Arzneimittel und Therapie

Therapie der Unfruchtbarkeit

Hilfe bei der Familienplanung Frauen, deren Kinderwunsch durch einen schweren LH- und FSH-Mangel nicht erfüllt werden kann, steht jetzt zur Stimulation der Follikelreifung ein Kombinationspräparat zur Verfügung, das Follitropin alfa und Lutropin alfa enthält, die beide durch eine spezielle rekombinante DNA-Technik biotechnologisch hergestellt wurden.
Foto: Unipath/Getty Images

Gonadotropin-Implantat stimuliert die Follikelreifung

Die Europäische Kommission hat für Pergoveris™ die Zulassung zur Stimulation der Follikelreifung bei Frauen, die an einem ausgeprägten Mangel an luteinisierendem Hormon (LH) und follikelstimulierendem Hormon (FSH) leiden, erteilt, wie Merck Serono S. A. mitteilte. Das Präparat kann zur Auslösung des Eisprungs von den Frauen subkutan selbst injiziert werden, die aufgrund einer sehr niedrigen Produktion der Fertilitätshormone FSH und LH durch die Hypophyse keinen Eisprung haben.

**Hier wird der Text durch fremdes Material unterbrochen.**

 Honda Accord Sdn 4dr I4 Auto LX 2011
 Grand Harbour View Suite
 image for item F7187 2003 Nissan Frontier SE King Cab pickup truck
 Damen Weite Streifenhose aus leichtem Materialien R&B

Die Entscheidung der Europäischen Kommission gilt für alle 27 Mitgliedstaaten der Europäischen Union, einschließlich Island, Liechtenstein und Norwegen. Die Markteinführung soll in den verschiedenen Ländern im Oktober 2007 beginnen.

Bei Frauen, die an LH- und FSH-Mangel (hypogonadotroper Hypogonadismus) leiden, ist das Ziel der Behandlung die Entwicklung eines einzelnen reifen Graaf’schen Follikels, aus dem nach Gabe von humanem Choriogonadotropin (hCG) die Eizelle freigesetzt wird. Durch die Verabreichung von luteinisierendem Hormon (LH) kommt es zu einer Erhöhung der Östradiolsekretion in den Follikeln, deren Wachstum durch FSH stimuliert wird. Die Wirksamkeit der Kombination von Follitropin alfa und Lutropin alfa bei Frauen mit hypogonadotropem Hypogonadismus wurde in klinischen Studien belegt.

Bisher wurden die meisten der Patientinnen mit humanem Menopausen-Gonadortropin (u-hMG) behandelt, das aus dem Urin postmenopausaler Frauen gewonnen wird. Pergoveris™ ist ein biotechnologisch hergestelltes Kombinationspräparat, das rekombinantes humanes follikelstimulierendes Hormon (r-hFSH oder follitropin alfa 150 I.E.) und rekombinantes luteinisierendes Hormon (r-hLH oder lutropin alfa 75 I.E.) gemeinsam enthält. Die beiden Bestandteile Follitropin alfa und Lutropin alfa werden von gentechnisch modifizierten Ovarialzellen des chinesischen Hamsters (CHO-Zellen) produziert. Im Vergleich zu urinären Produkten soll so eine erheblich höhere Reinheit, Sicherheit und Konsistenz gewährleistet werden. Zudem soll es exakter dosierbar sein, was vor allem im Hinblick auf die Standardisierung wichtig ist, denn nur so können bei der Therapie der Unfruchtbarkeit eine hohe Qualität und konstante Rahmenbedingungen gewährleistet werden – die Basis für eine erfolgreiche Behandlung. Eine Behandlung muss unter der Aufsicht eines Arztes eingeleitet werden, der in der Behandlung von Fertilitätsstörungen erfahren ist. Da die Patientinnen unter Amenorrhoe leiden und ihre endogene Östrogensekretion niedrig ist, kann jederzeit mit der Behandlung begonnen werden. PergoverisTM muss in einer Abfolge täglicher Injektionen verabreicht werden, die Injektion kann durch die Patientin selbst subkutan erfolgen, wodurch die Behandlung des unerfüllten Kinderwunsches in dieser ohnehin seelisch belastenden Situation vereinfacht wird.

Quelle

Fachinformation Pergoveris, Stand Juni 2007.

Pressemitteilung der Merck Serono S. A. vom 4. September 2007.